Un derecho no puede estar sometido a la avaricia empresarial ni a la codicia humana
El otro día, al terminar un podcast sobre la imposibilidad de vivir ya incluso en los barrios periféricos, me saltó en Spotify un anuncio de una empresa preocupadísima por los propietarios intranquilos. Intermedio algorítmico feroz antes de otro episodio previo a la gran manifestación que se espera este domingo en Madrid por el derecho a la vivienda. Me quedé un rato atrapada entre la puerta de lavadora y la puerta de la cocina. Vivimos en realidades paralelas y respiramos discursos antagónicos. La grieta es la clase social, claro, pero sería impreciso no reconocer el abismo generacional abierto y encarnado.

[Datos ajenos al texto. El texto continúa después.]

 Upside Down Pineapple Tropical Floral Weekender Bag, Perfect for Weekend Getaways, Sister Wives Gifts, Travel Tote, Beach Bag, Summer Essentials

El drama de la vivienda es tan profundo que ninguna de las cositas que tan tímidamente se dice que se van a hacer serviría incluso de materializarse. Un bien de primera necesidad no puede ser un objeto de extorsión. Un derecho no puede estar sometido a la avaricia empresarial ni a la codicia humana, que todos hemos sufrido caseros y sabemos que tener “sólo” (sic) uno o dos pisos en alquiler no te exime de nada. La expresión “tener sólo uno o dos pisos en alquiler” me obsesiona. Los pisos valen el doble que hace una década sólo por especulación: no son mejores, si acaso son, por fuerza, más viejos. A nadie le pasaría nada si su precio bajara un 50%. A muchísimas personas les devolvería la vida que eso ocurriera. Quien tiene un piso de sobra ya tiene más de lo que necesita y posee la mayoría.
La vivienda es un derecho robado en nuestro país. Trabajar a tiempo completo y no poder procurarse esa seguridad básica es una atrocidad que se intenta normalizar por la fuerza de los hechos. Algunos de los que tengan el piso de sobra pensarán que escribimos demasiado sobre esto. Sin esperanza, sin pulso para dibujar siquiera una casa de trazos infantiles y sin capacidad para soñar, no dejaremos de hacerlo.